## WORK ITEM
Copy every entry below exactly as it appears, leaving out the images.
== DATA EXCERPTS ==
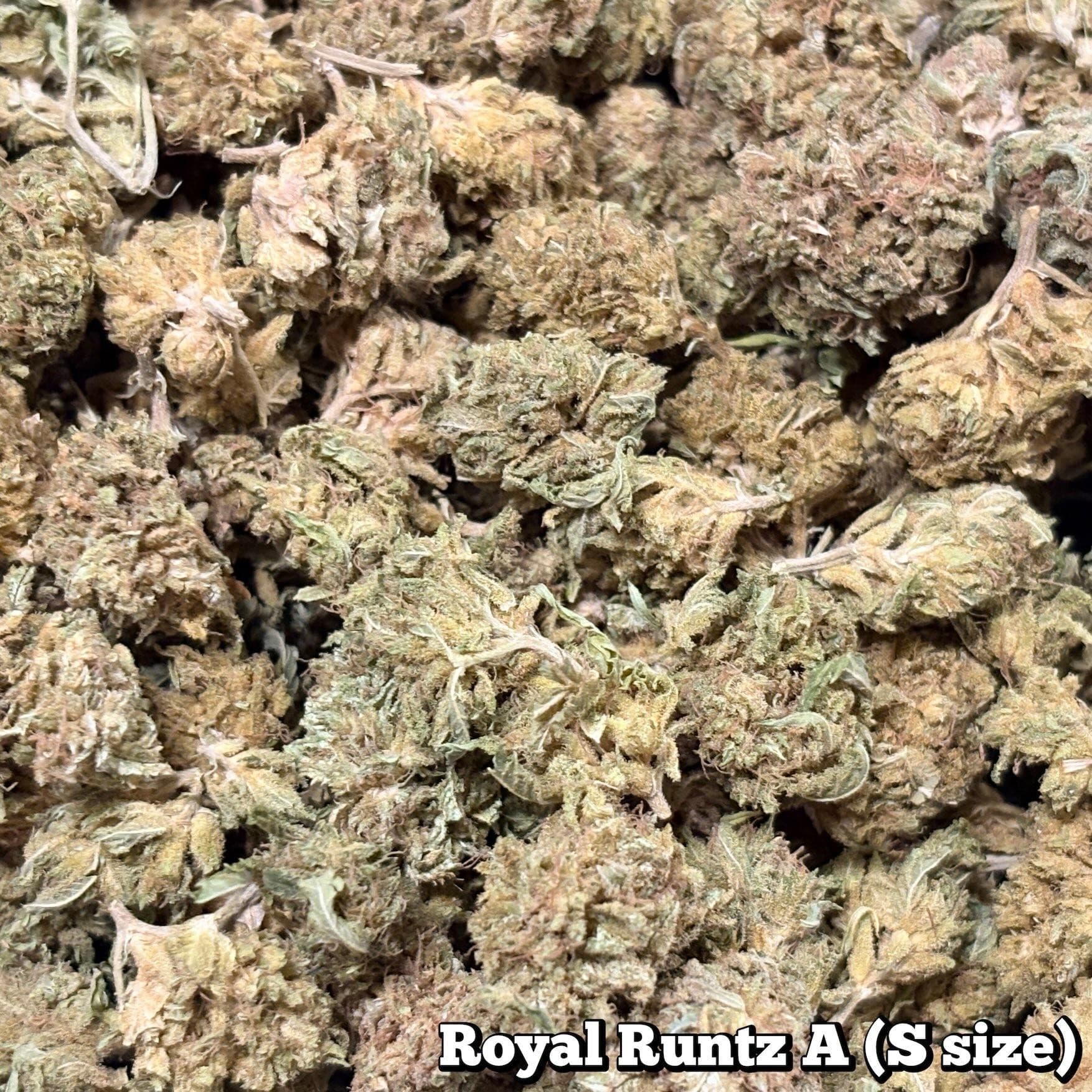 🥦Royal Runtz A(Sサイズ)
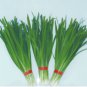 Divine No.1 Chinese Leek 10 Seeds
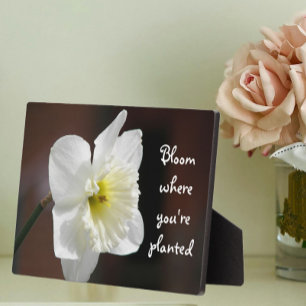 Placa Expositora Bloom Where You are Planted Quote White Daffodil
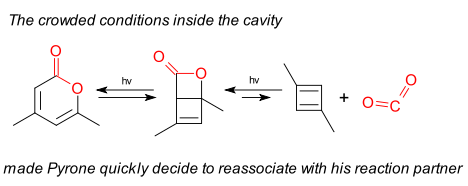 dimethylcyclobutadieneXray.svg.png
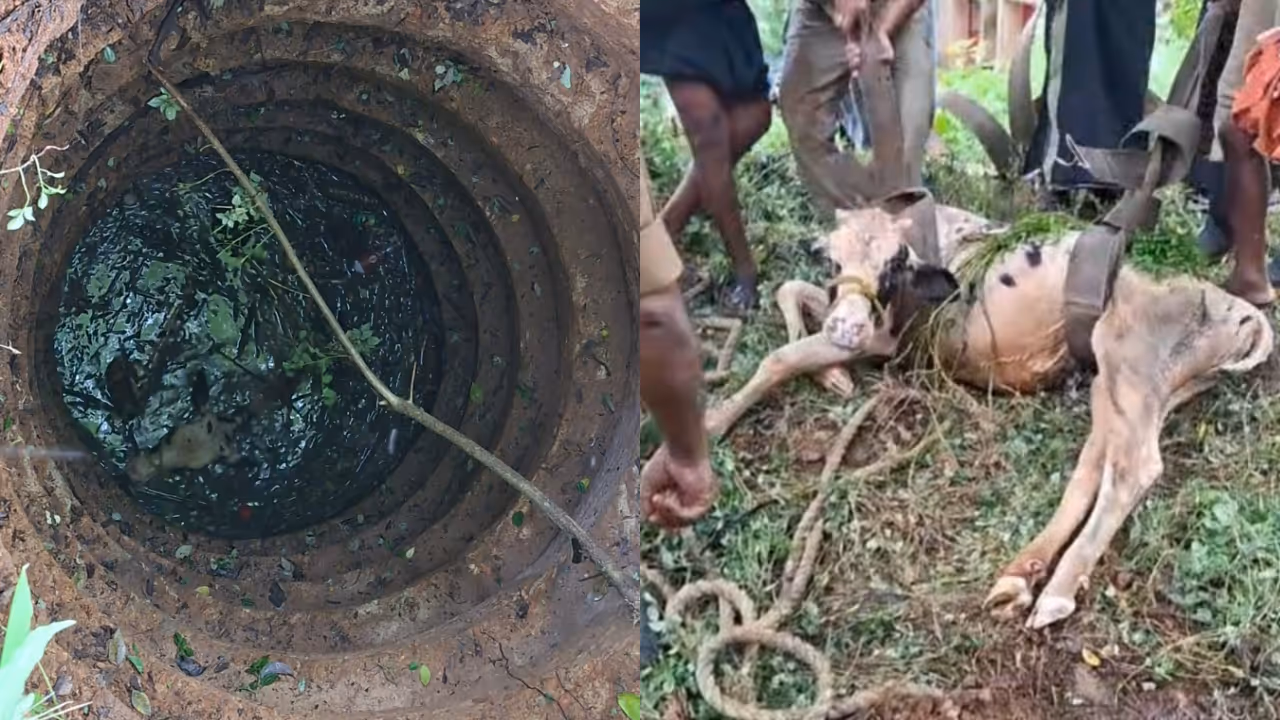 cow fell into well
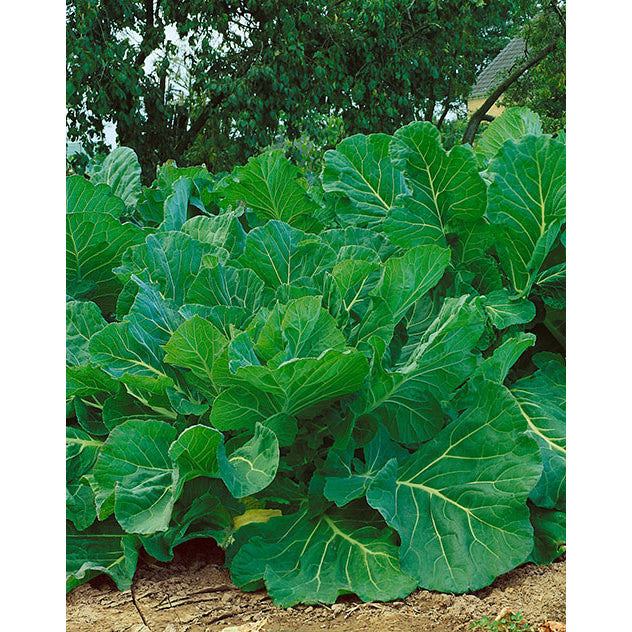 Portuguese / Couve tronchuda Kale Seeds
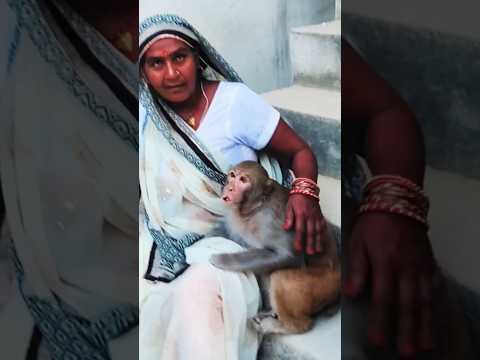 रानी मम्मी से कैसे बात करतीं हैं।।#dinnedenne #monkeyrani #शोर्ट्स #akashkumarraebareli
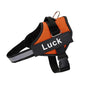 Custom Reflective No-Pull Dog Harness - Pawsitive Cuddles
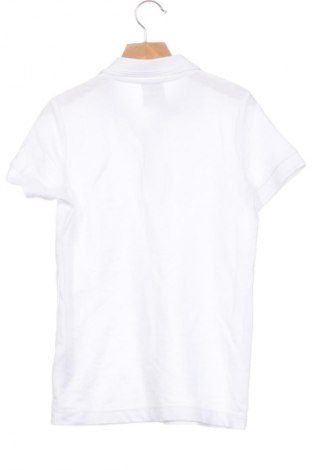 Kinder Shirt Malfini, Größe 10-11y/ 146-152 cm, Farbe Weiß, Preis € 6,02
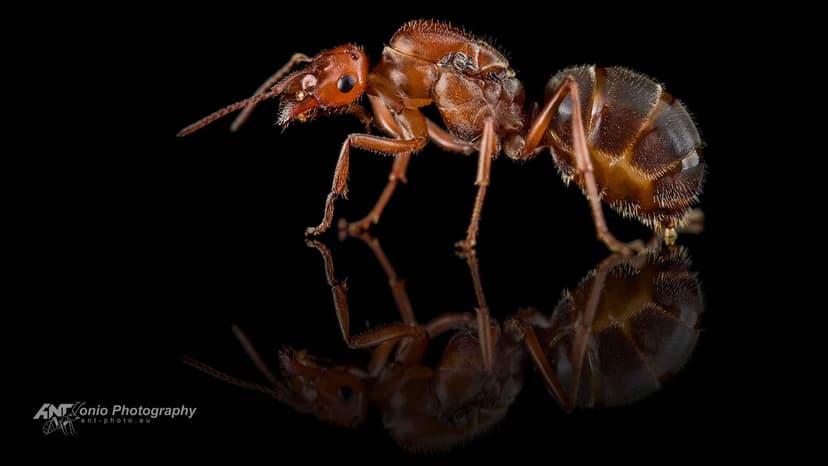 Myrmecocystus mendax photo 1
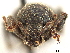  (Crocidema - CCDB-30446-A09)  @11 [ ] CreativeCommons - Attribution (2018) CBG Photography Group Smithsonian Institution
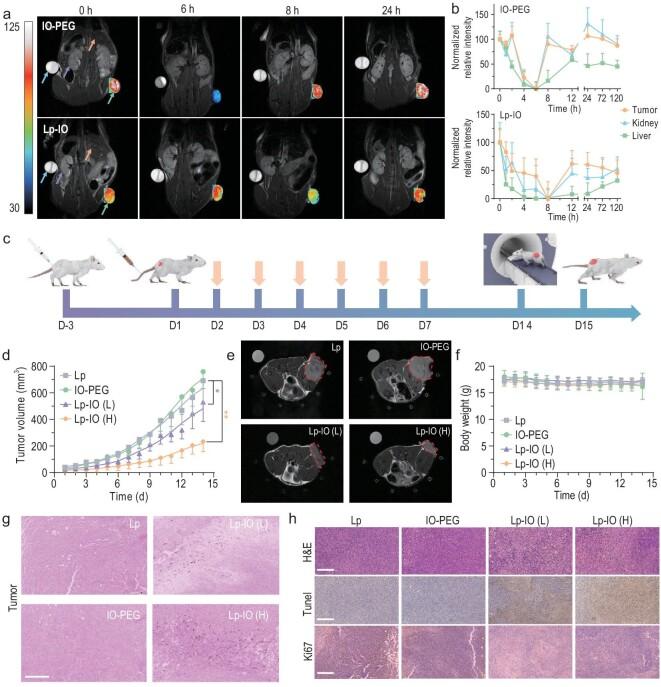 https://cdn.ncbi.nlm.nih.gov/pmc/blobs/f7d8/9843134/e65fe025f221/nwac167fig3.jpg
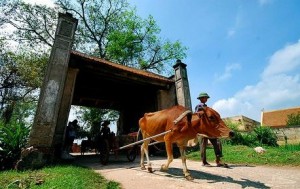 village-de-duong-lam-au-vietnam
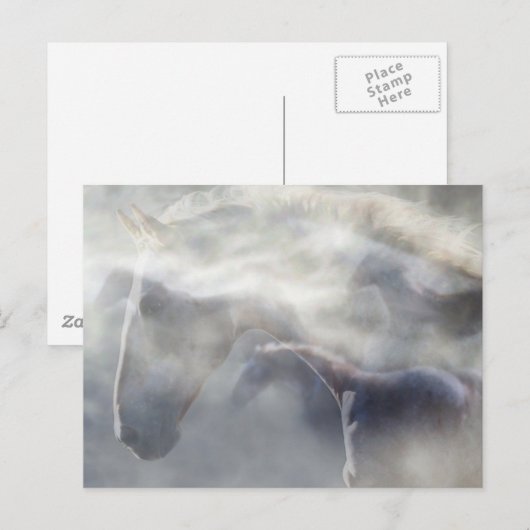 Geest van de Paard Briefkaart (Voorkant / Achterkant)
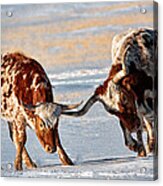 Texas Longhorns Acrylic Print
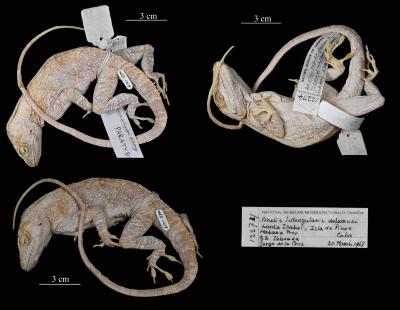 Anolis luteogularis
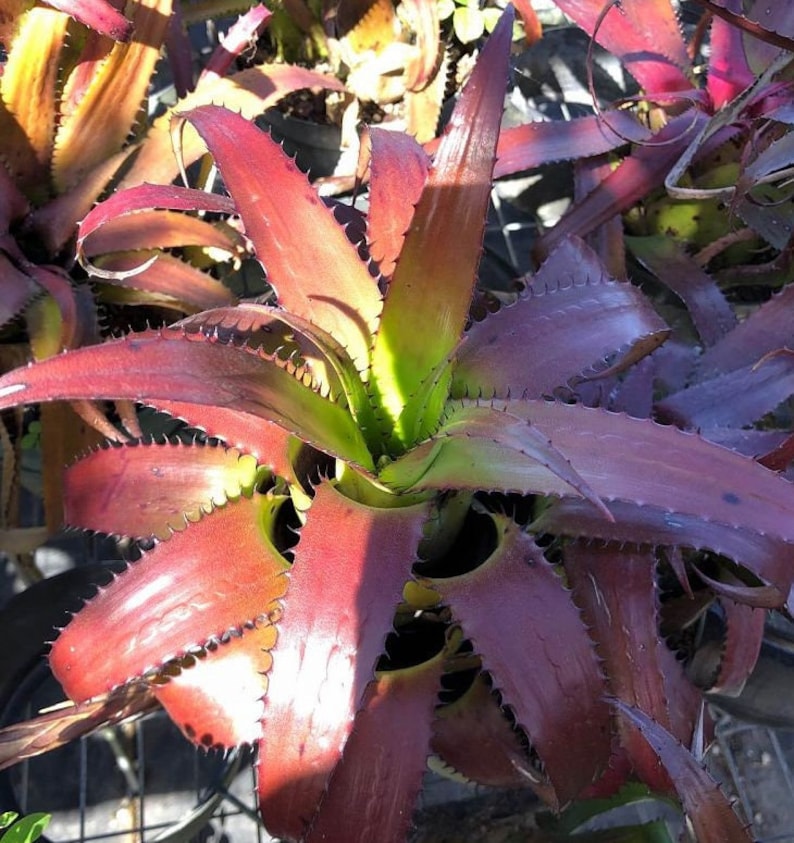 Bromeliad Plant - Neoregelia wurdackii - Live Outdoor Plant - Tropical Indoor Garden Decor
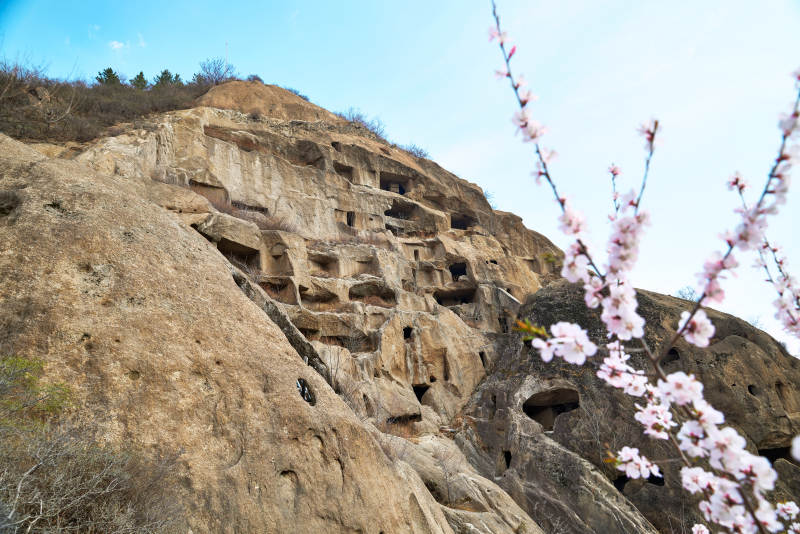 粉色山桃花衬托北京延庆古崖居窟遗址图片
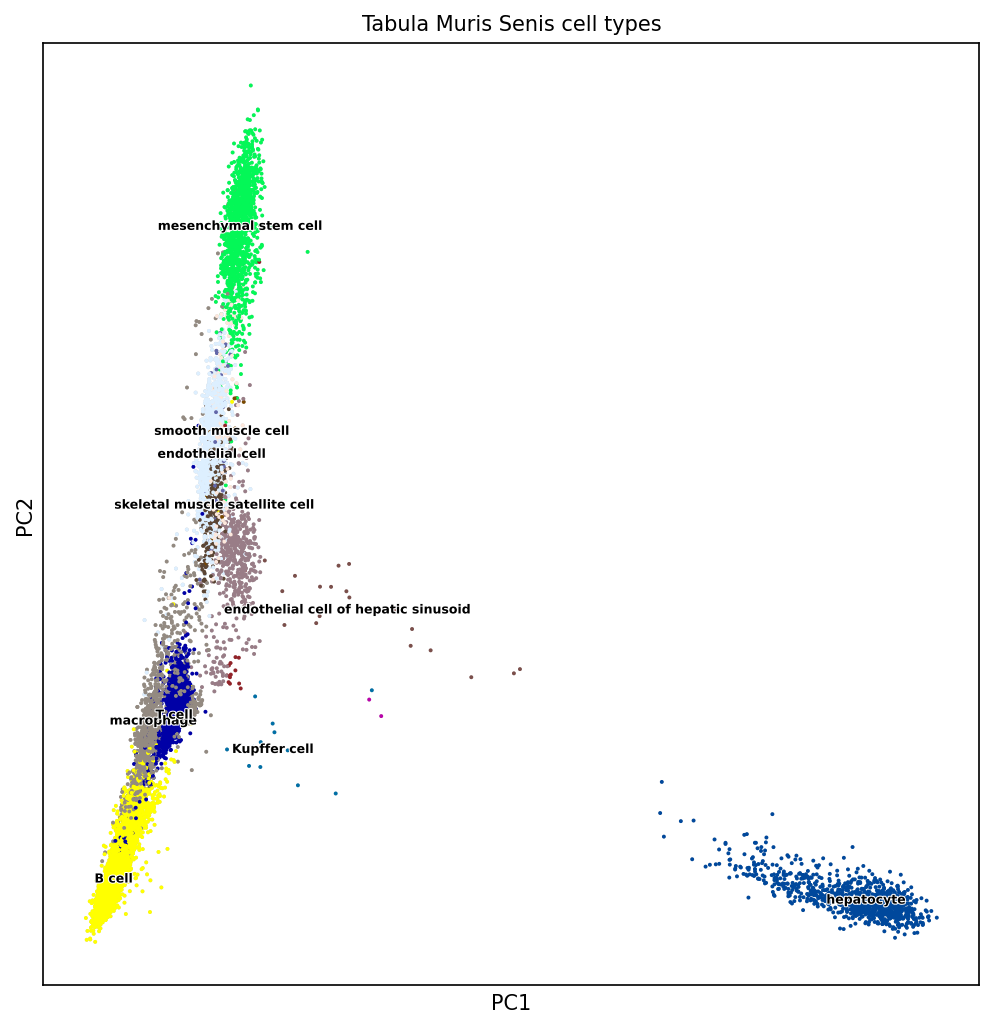 PCA on mouse single-cell transcriptome data. Source: Laura Martens, TUM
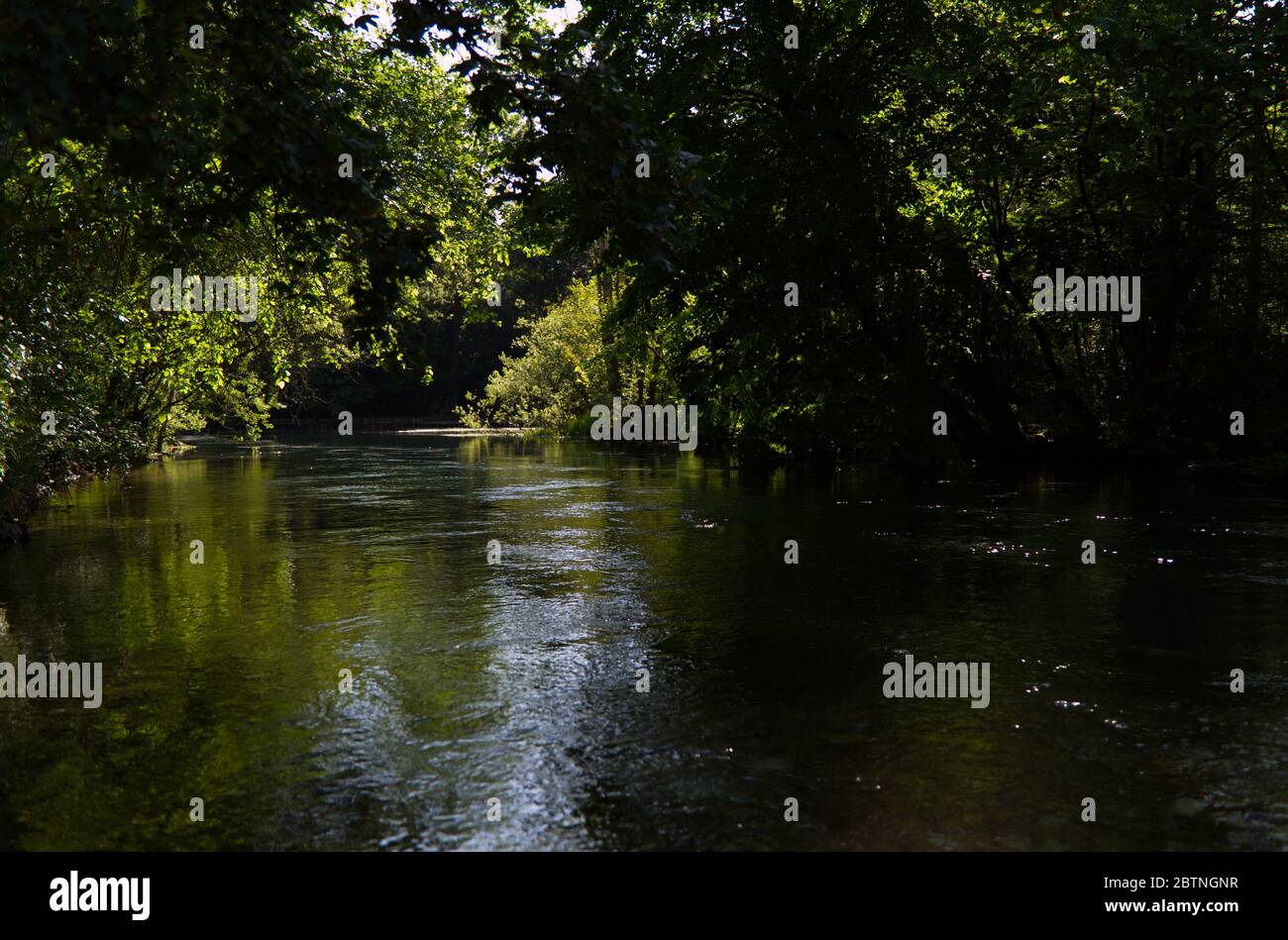 Italie, les splendides eaux vertes profondes de la rivière Livenza Banque D'Images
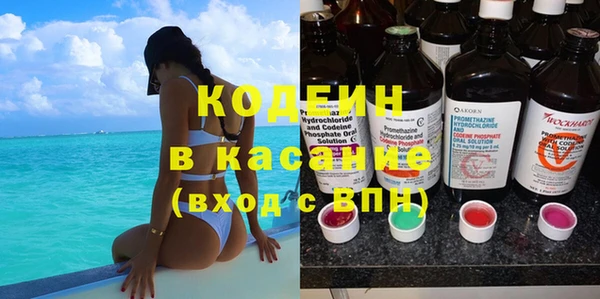 прущие грибы Алзамай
===
## RESPONSE BELOW
 🥦Royal Runtz A(Sサイズ)
 Divine No.1 Chinese Leek 10 Seeds
 Placa Expositora Bloom Where You are Planted Quote White Daffodil
 dimethylcyclobutadieneXray.svg.png
 cow fell into well
 Portuguese / Couve tronchuda Kale Seeds
 रानी मम्मी से कैसे बात करतीं हैं।।#dinnedenne #monkeyrani #शोर्ट्स #akashkumarraebareli
 Custom Reflective No-Pull Dog Harness - Pawsitive Cuddles
 Kinder Shirt Malfini, Größe 10-11y/ 146-152 cm, Farbe Weiß, Preis € 6,02
 Myrmecocystus mendax photo 1
  (Crocidema - CCDB-30446-A09)  @11 [ ] CreativeCommons - Attribution (2018) CBG Photography Group Smithsonian Institution
 https://cdn.ncbi.nlm.nih.gov/pmc/blobs/f7d8/9843134/e65fe025f221/nwac167fig3.jpg
 village-de-duong-lam-au-vietnam
 Geest van de Paard Briefkaart (Voorkant / Achterkant)
 Texas Longhorns Acrylic Print
 Anolis luteogularis
 Bromeliad Plant - Neoregelia wurdackii - Live Outdoor Plant - Tropical Indoor Garden Decor
 粉色山桃花衬托北京延庆古崖居窟遗址图片
 PCA on mouse single-cell transcriptome data. Source: Laura Martens, TUM
 Italie, les splendides eaux vertes profondes de la rivière Livenza Banque D'Images
 прущие грибы Алзамай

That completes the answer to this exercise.